--- What to do ---
Return the line containing "Sukajan Jacket (S/M)" together with every later line up to the end of the records, exactly and with no pictures; return nothing else.

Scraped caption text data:
○ ○ ○ ○

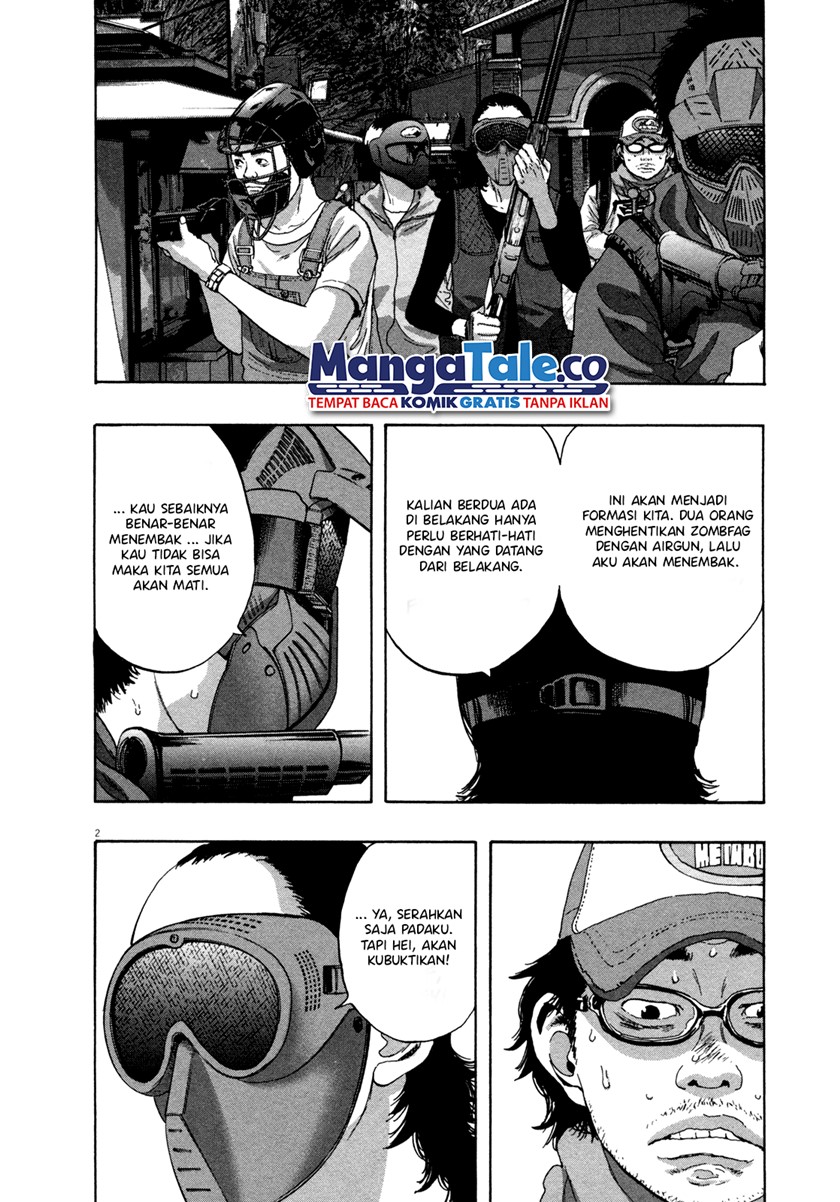 I Am a Hero Chapter 79 Bahasa Indonesia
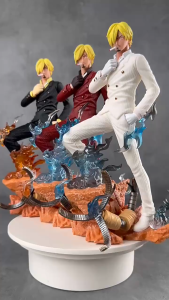 Mô hình OnePiece - Mô hình Sanji Quỷ Gió siêu ngầu (Cao 25cm) - Full Box hộp đẹp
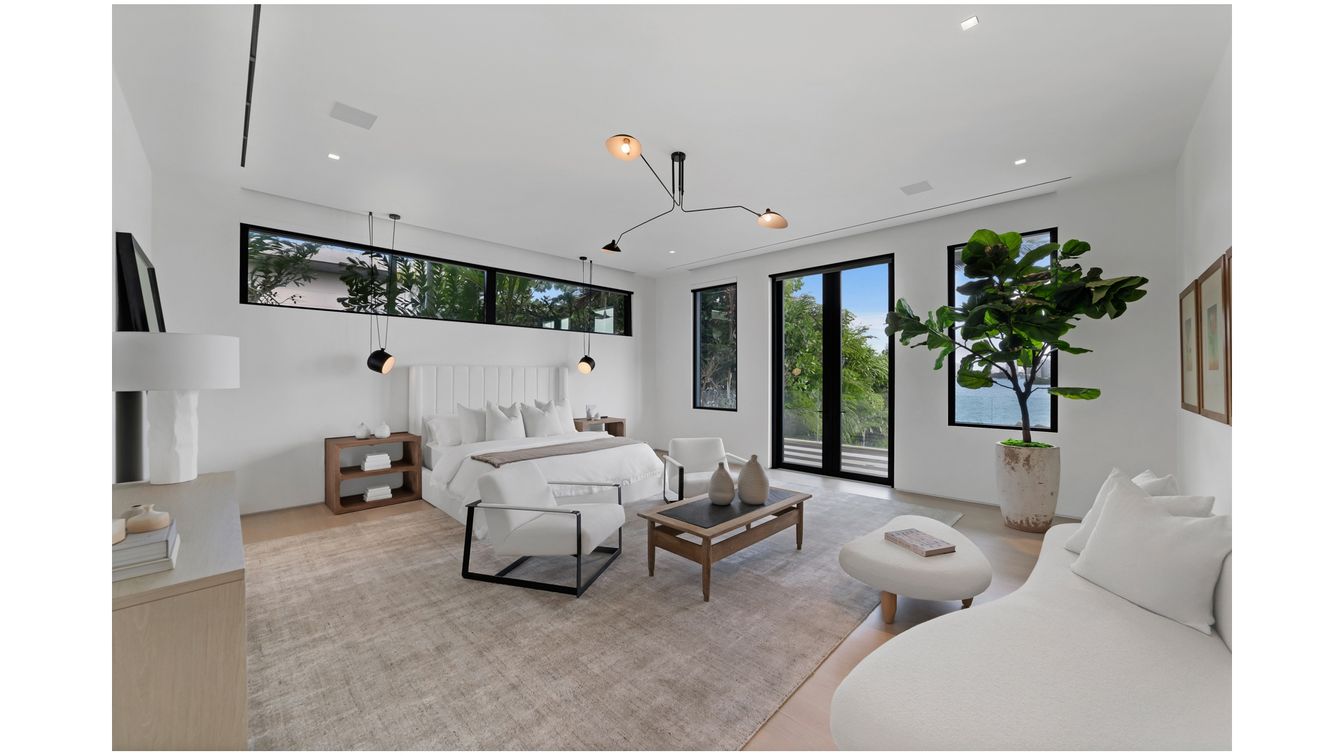 Bedroom, Interior, Living room, Pendant Lights, Recessed Lighting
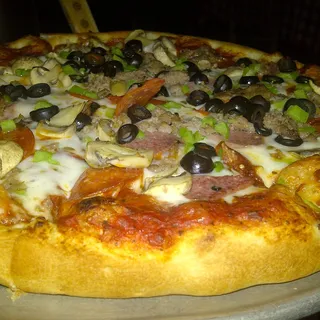 Glendale Special Pizza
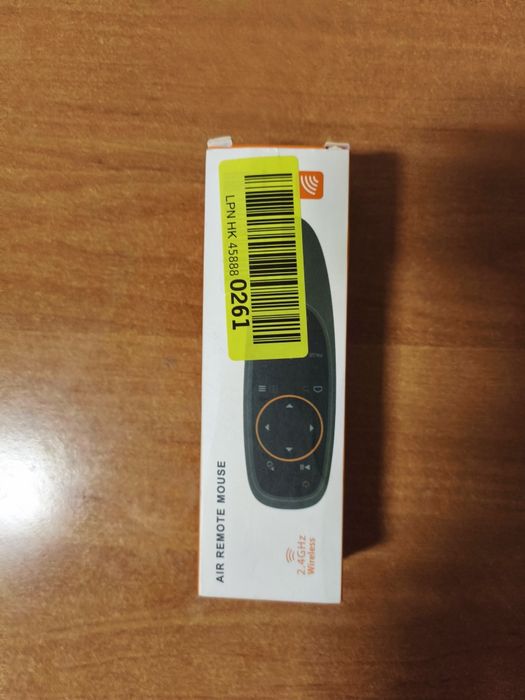 Pilot Air Mouse G10S | Głos / Żyroskop | Do Smart TV, PC, Box | B.U.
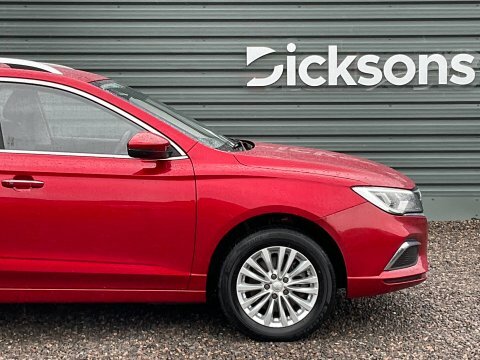 MG MG5 61Kwh Exclusive Ds22xkb Red #6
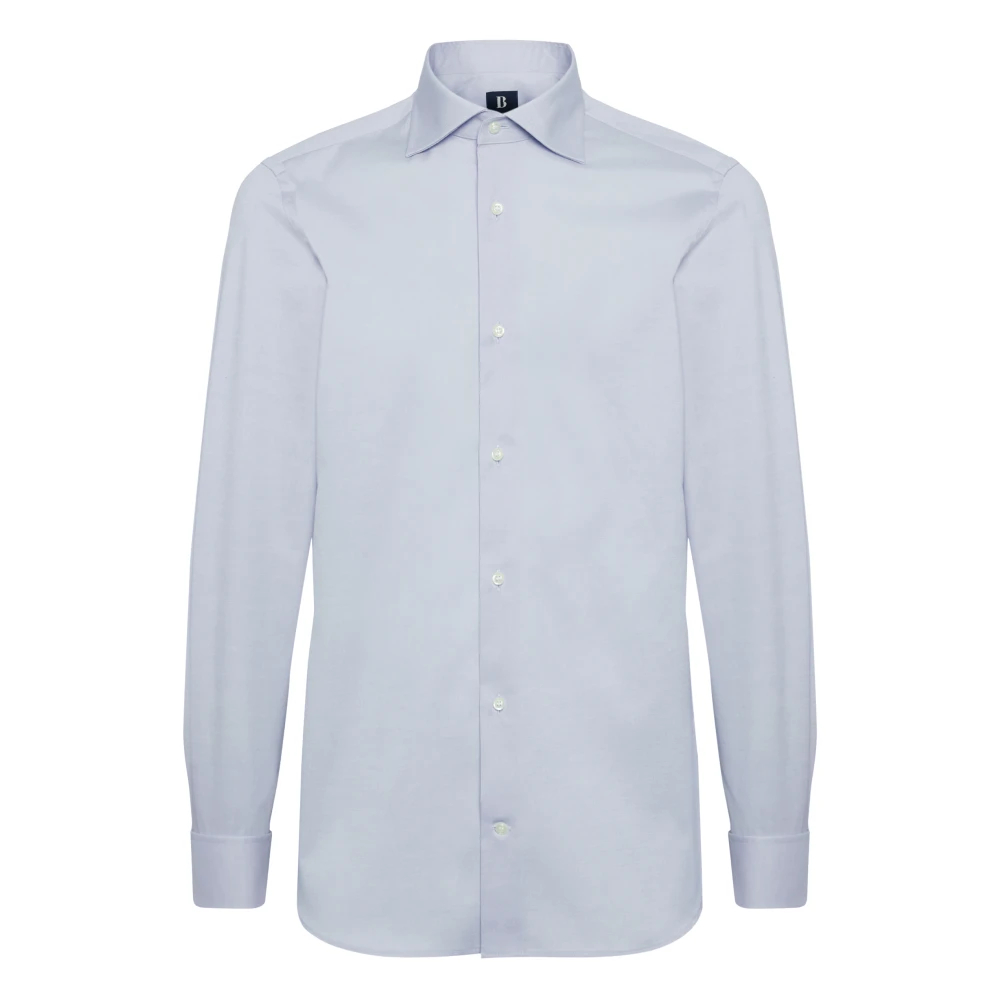 Boggi Milano Herren Blau - Formal Shirts - Shirts - M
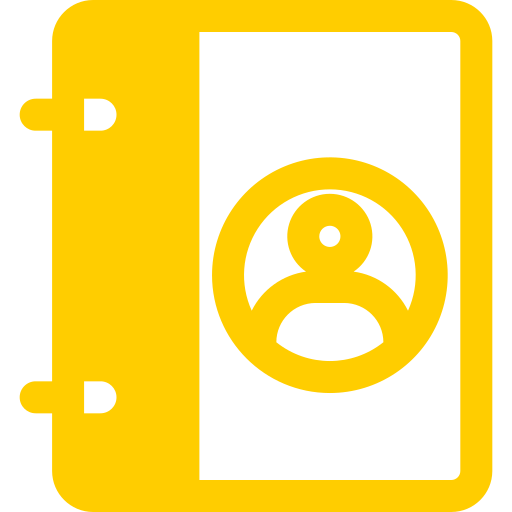 Phone book Generic Flat icon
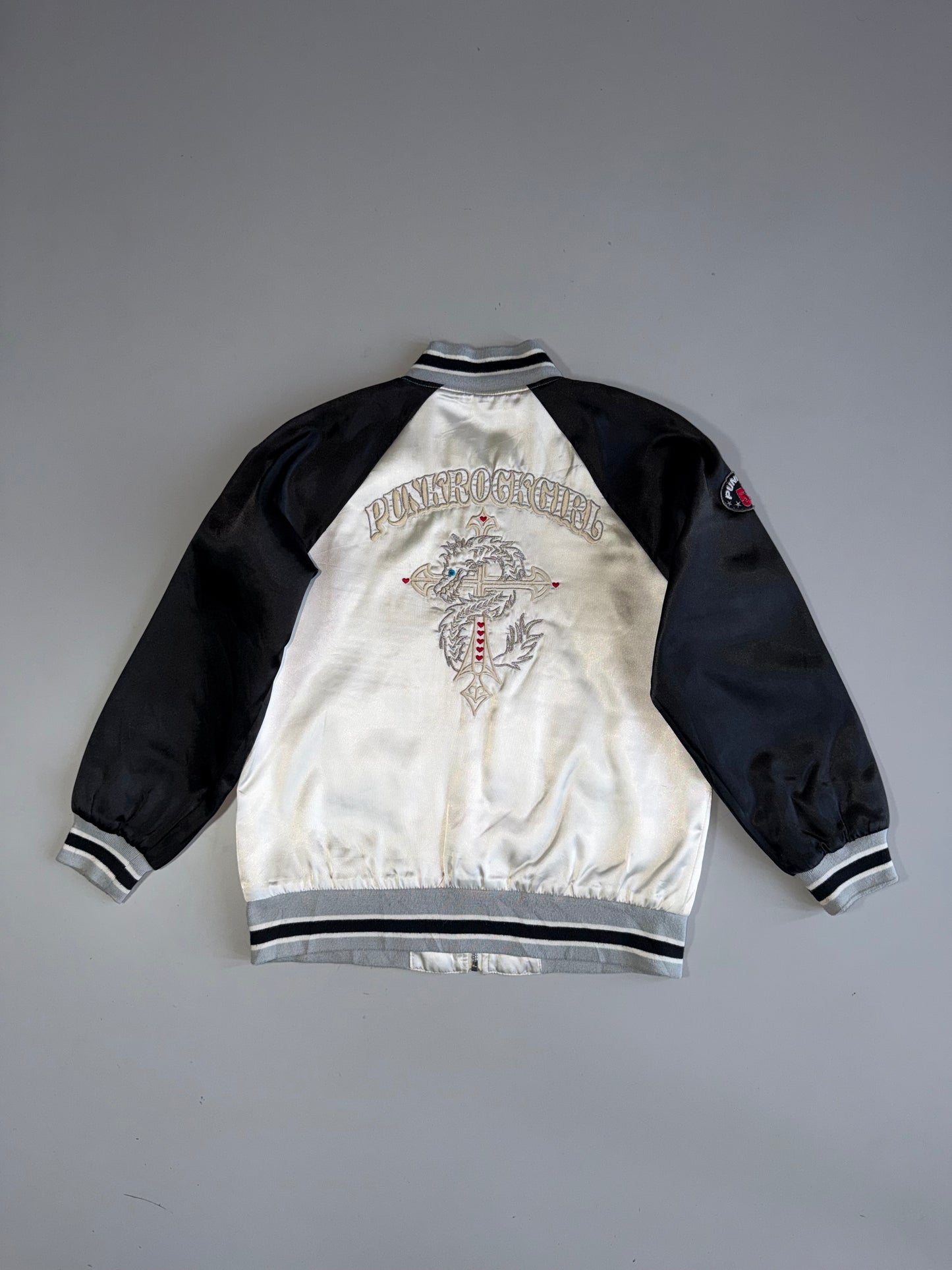 ! Skull Embroidered RARE Japnese Sukajan Jacket (S/M)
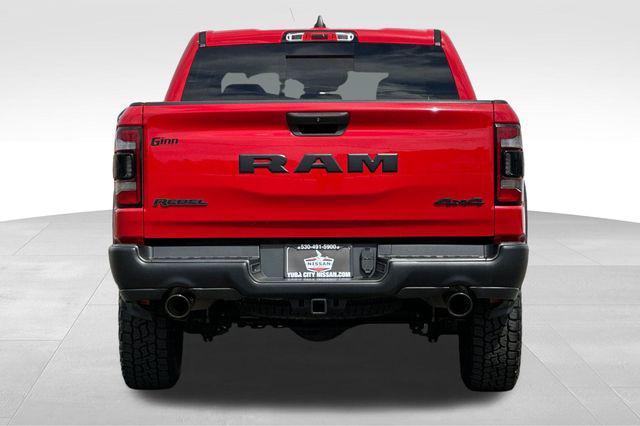 used 2021 Ram 1500 car, priced at $44,990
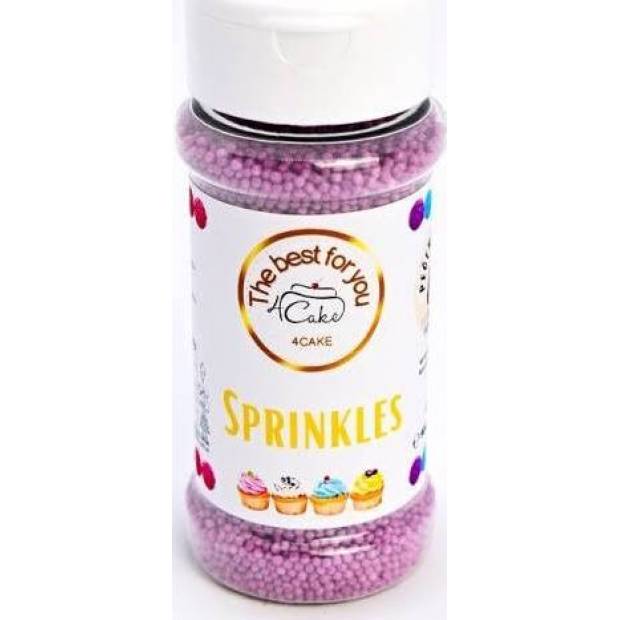 4Cake Cukrový máček světle fialový (90 g) Besky edice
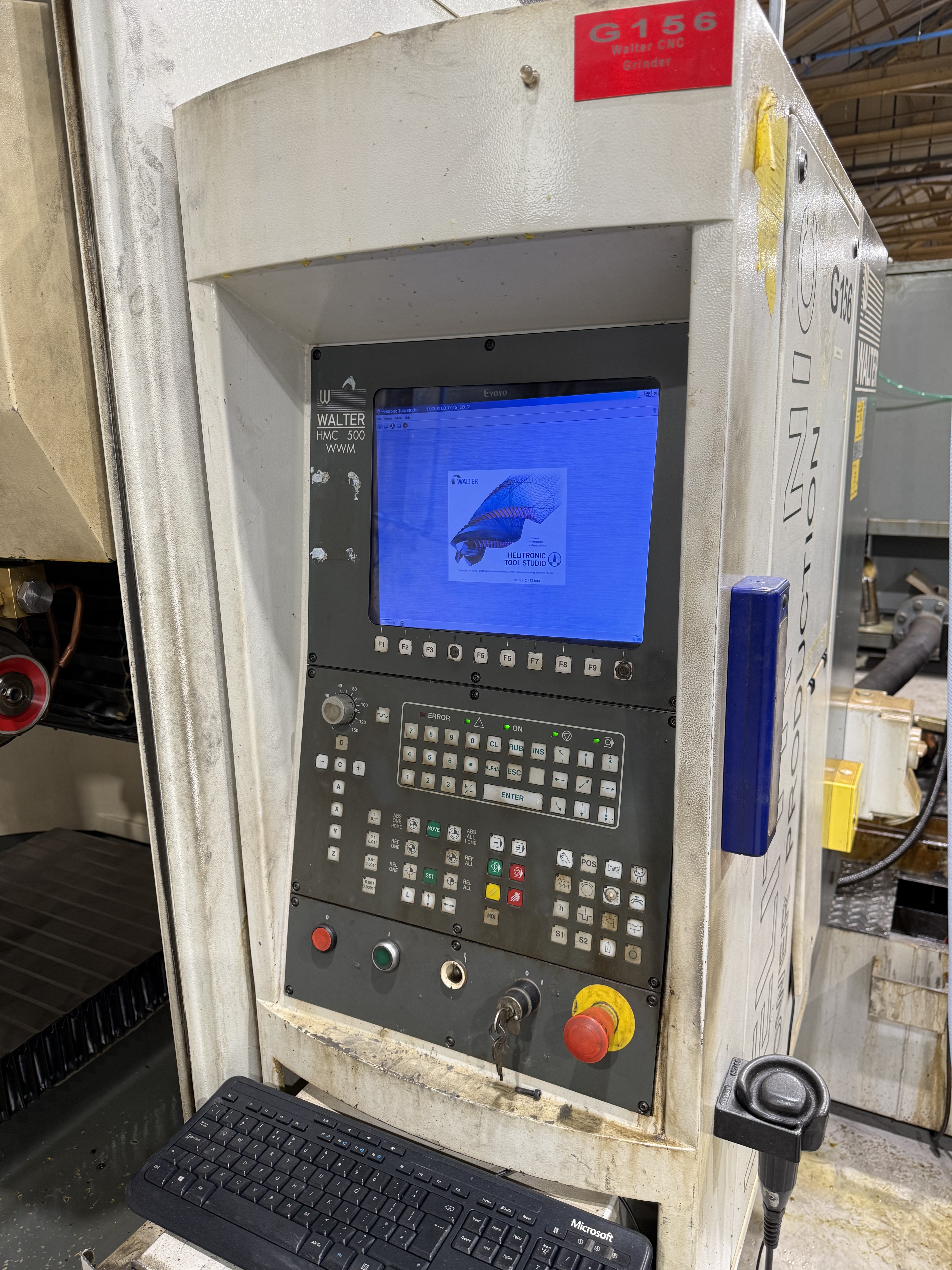 Walter Helitronic Power Production 5-Axis CNC Tool Grinder. (2000)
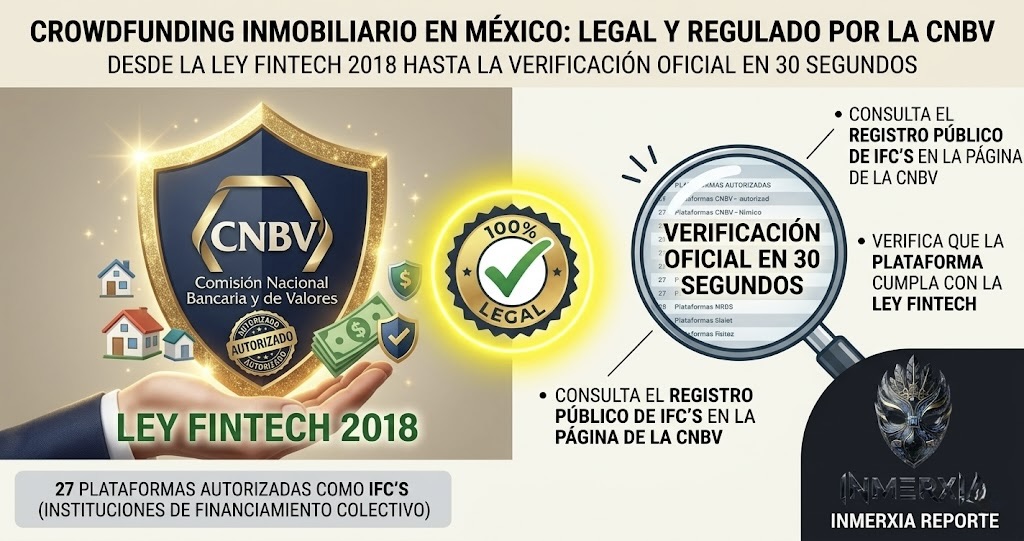 ¿Es legal el crowdfunding en México? CNBV te explica sin tecnicismos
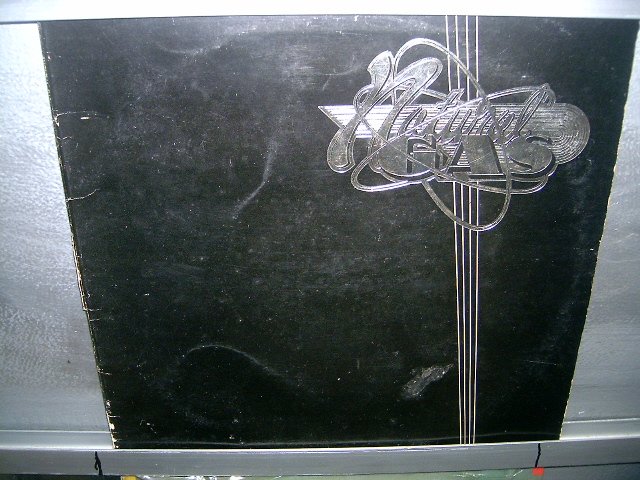 NATURAL GAS natural gas LP 1976 ROCK**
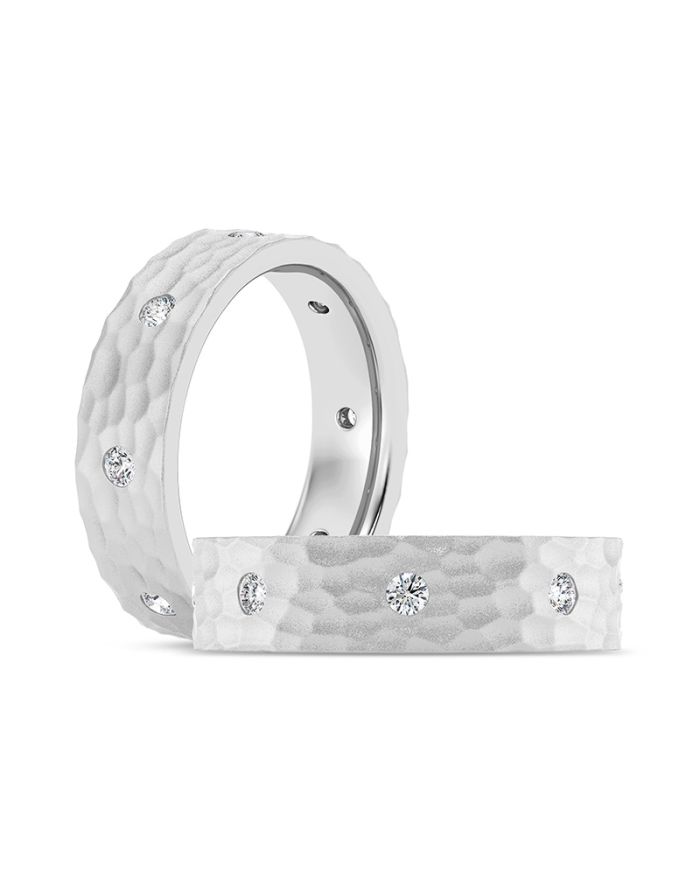 Men's Diamond Wedding Band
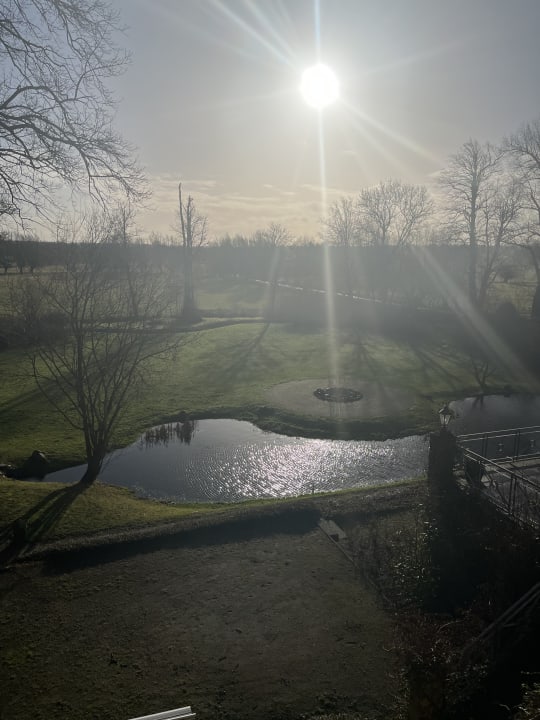 Ausblick Hotel Gutshaus Redewisch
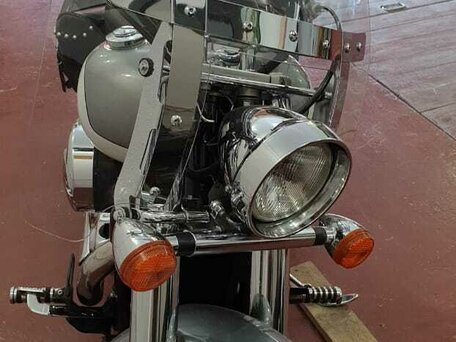 2005 Honda Shadow 750, белый, 550000 рублей, вид 5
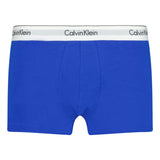 Calvin Klein 'Modern Cotton Stretch' Boxers Maroon, Baby Blue, Blue, White & Black (5 Pack) - Boinclo - Outlet Sale Under Retail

○ ○ ○ ○

--- Task response ---
 ! Skull Embroidered RARE Japnese Sukajan Jacket (S/M)
 used 2021 Ram 1500 car, priced at $44,990
 4Cake Cukrový máček světle fialový (90 g) Besky edice
 Walter Helitronic Power Production 5-Axis CNC Tool Grinder. (2000)
 ¿Es legal el crowdfunding en México? CNBV te explica sin tecnicismos
 NATURAL GAS natural gas LP 1976 ROCK**
 Men's Diamond Wedding Band
 Ausblick Hotel Gutshaus Redewisch
 2005 Honda Shadow 750, белый, 550000 рублей, вид 5
 Calvin Klein 'Modern Cotton Stretch' Boxers Maroon, Baby Blue, Blue, White & Black (5 Pack) - Boinclo - Outlet Sale Under Retail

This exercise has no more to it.